What the exercise asks: Copy each line below exactly as it appears. Pictures are to be omitted.

Exercise data:
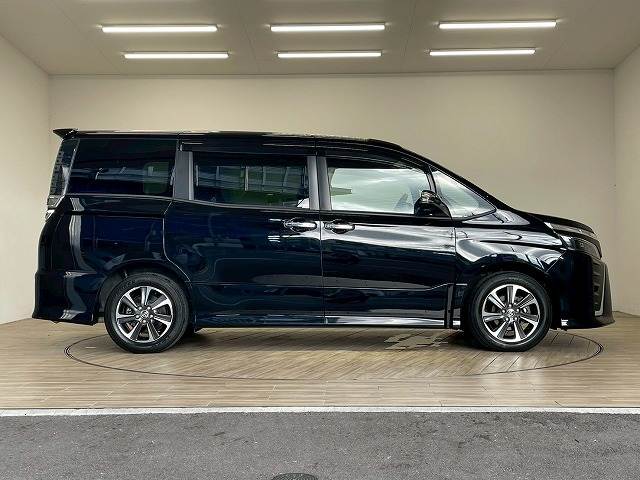 トヨタ ヴォクシー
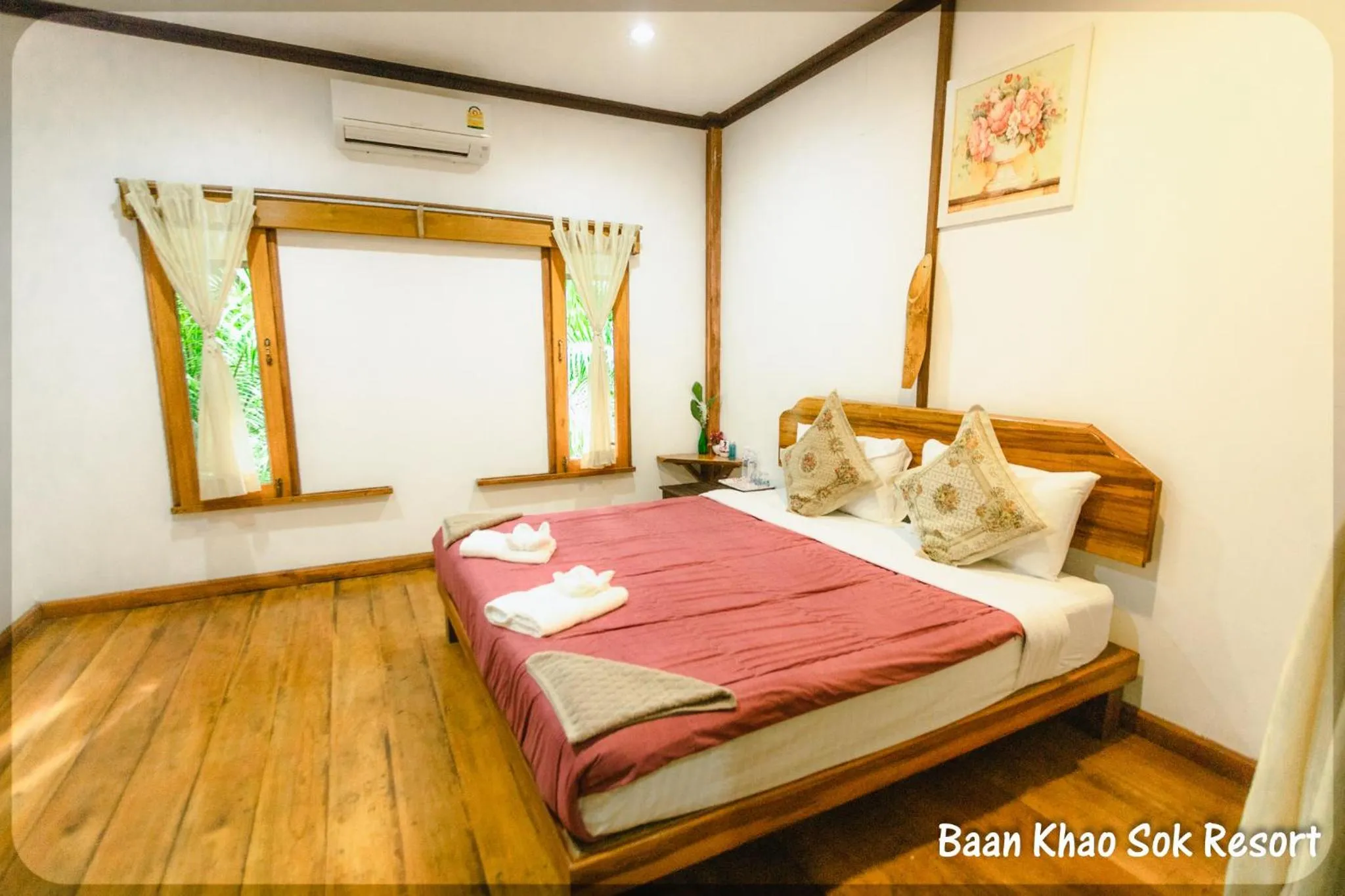 Photo of the whole room, Bed in Baan Khaosok Resort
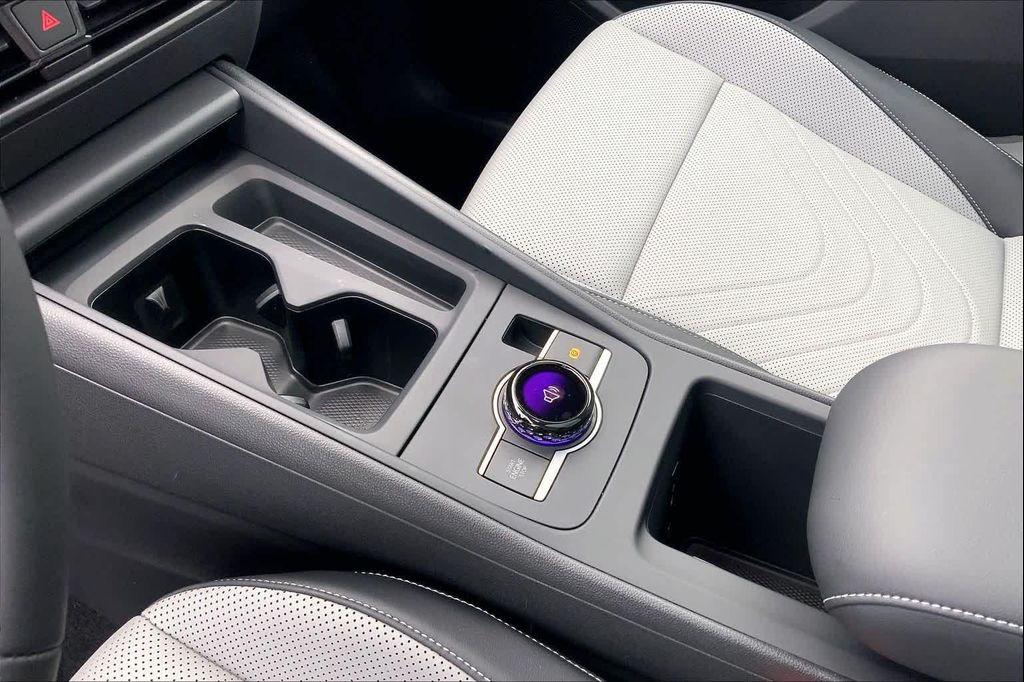 used 2025 Volkswagen Tiguan car, priced at $31,987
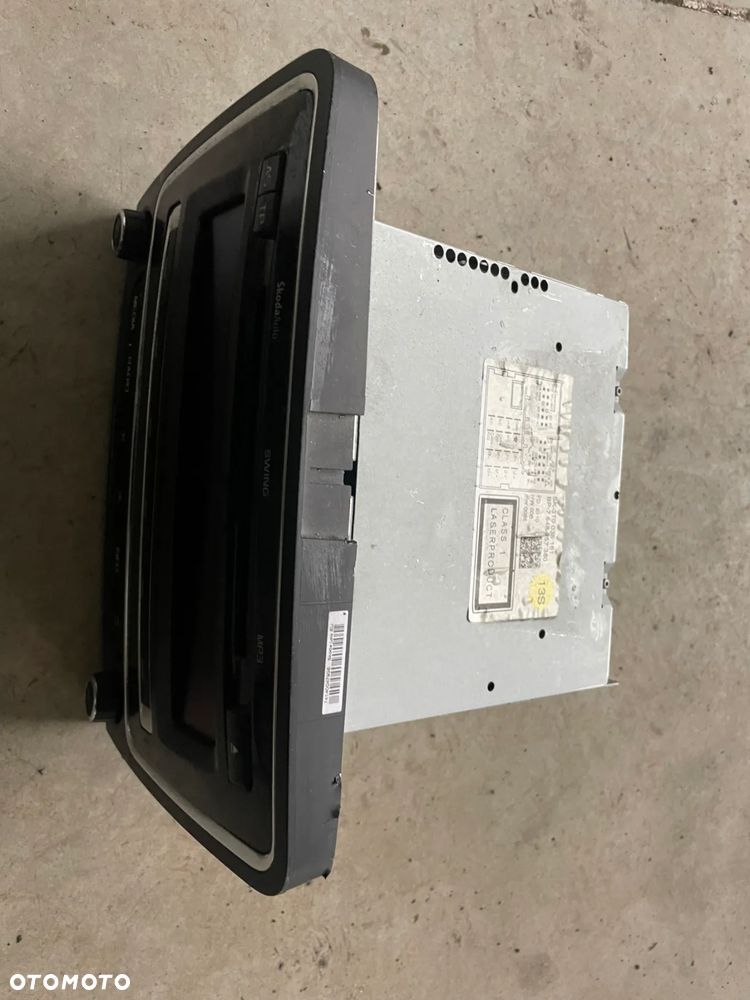 Skoda Superb II radio oryginał fabryczne 3T0035161 - 2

Problem solution:
 トヨタ ヴォクシー
 Photo of the whole room, Bed in Baan Khaosok Resort
 used 2025 Volkswagen Tiguan car, priced at $31,987
 Skoda Superb II radio oryginał fabryczne 3T0035161 - 2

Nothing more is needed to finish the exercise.